But the epic provided more than character sketches and very often, the scripts were allegories to the main epic itself. When Subash Ghai titled his blockbuster Ram Lakhan (1989), he was giving the movie much more than a name. In the movie you could easily spot characters from the epic. Ram Lakhan was Ramayan meets Gunga Jumna (1960). Sooraj Barjatya’s Hum Saath Saath Hain (1999) was a modern day Ramayan. If the likes of Ram Lakhan and Raavan exploited the action streak of the epic, Hum Saath Saath Hain played on the familial bonds enshrined in the epic.
But it is not just the shades of black and white that attracted the script writers. Ramayan came out beautifully with its shades of grey on the silver screen. At the dawn of independence when Mehboob Khan tried to portray the rapid westernisation of the Indian society in his classic Andaz (1948), it was the Ramayan that he referred to. ‘The self-imposed’ Lakshman rekha was depicted through the character of Nargis who brings disaster upon herself by breaking the norms of the society. The Lakshman Rekha made a reappearance when B.R.Chopra opened Gumraah with the story of Sita’s abduction and set the tone for his extramarital drama where the protagonist paid the hard way for having violated the norms of the society. When Justice Raghunath asked his wife to leave the home after she got pregnant, co-incidentally after having spent a night with the dacoit Jagga in Awara, it was Rama’s abandonment of Sita that Raj Kapoor instantly referred to as is evident in the song Zulm Sahe Bhaari, Janak Dulari. When Manoj Kumar cast aspersions on Waheeda Rehman (both of them dramatically named Ram and Sita) in the reincarnation drama Neel Kamal for sleep-walking out of her home every night and showed her the door upon being pregnant, Sita’s exile was reiterated. In the 1960s, Meena Kumari, in many of her tear-jerking dramas played the suffering protagonist to the hilt – often playing the stoic daughter, wife, sister and very famously, the sister-in-law – all modelled around Sita as conceptualised by the medieval poets.
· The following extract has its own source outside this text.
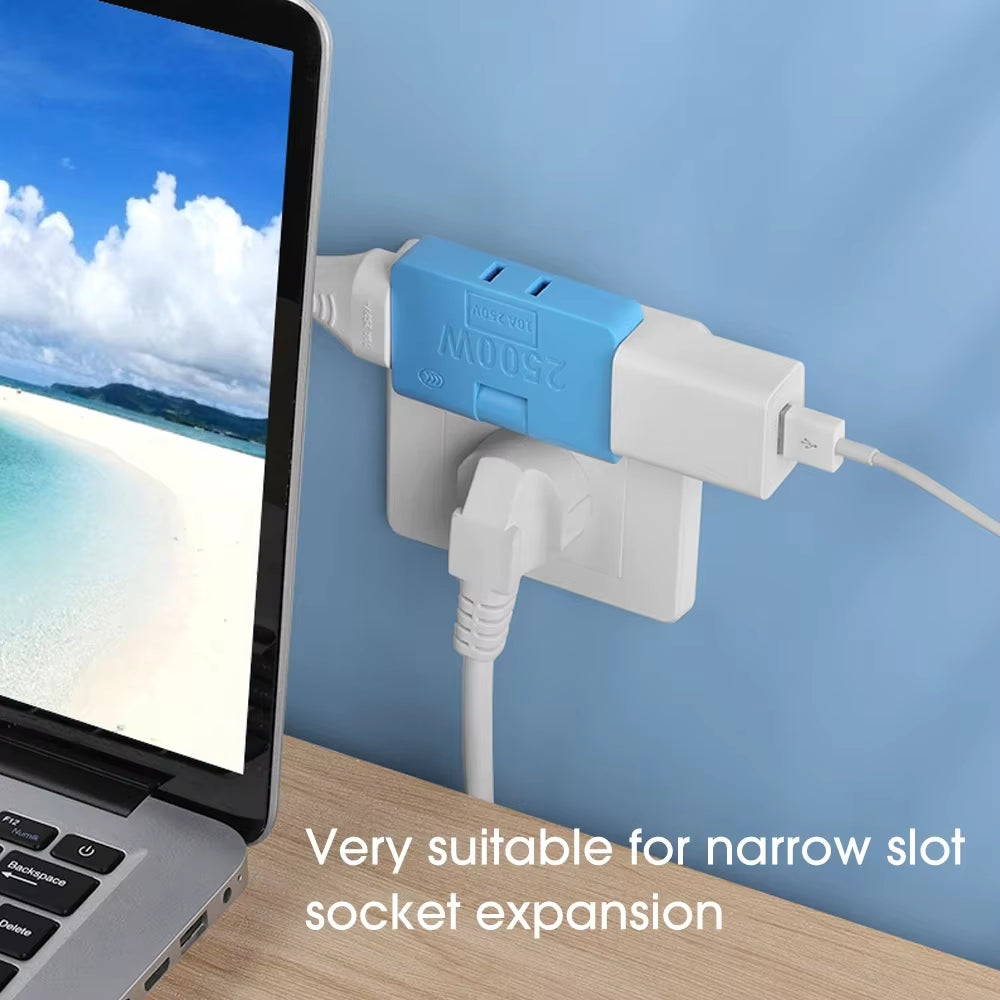 180° Rotatable 3-Port US Plug Socket Converter - Portable Travel Power Adapter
The fact of the matter is that Hindi cinema for a long time had been unable to come out of the comfort zone provided by the medieval poets and failed, more often than not, to seek the grey pastures boldly. Valmiki’s Sita was not only aware of her super-human aura but also exercised her will and spoke her mind when required. She not only had the spirit to express her disagreement to her husband but also tactically proved her point. What is refreshing about Mani Ratnam’s Ragini is that she is closer to the Sita of Valmiki than to those of the medieval poets who glorified her as a door-mat wife. Ragini’s reaction to an Agnipariksha is full of revulsion and anger and not silent resignation. In Valmiki’s epic, Sita, humiliated by the words of Ram, seethes with rage and accuses Ram of ignobility. In Ravan, Ragini declares herself to be the medium and cause of the nemesis of Beera. She is not a prisoner of fate, but a cause of action. This take is interesting as Sita has been given her due after a long time, even if it is through an allegory drawn to mixed reviews.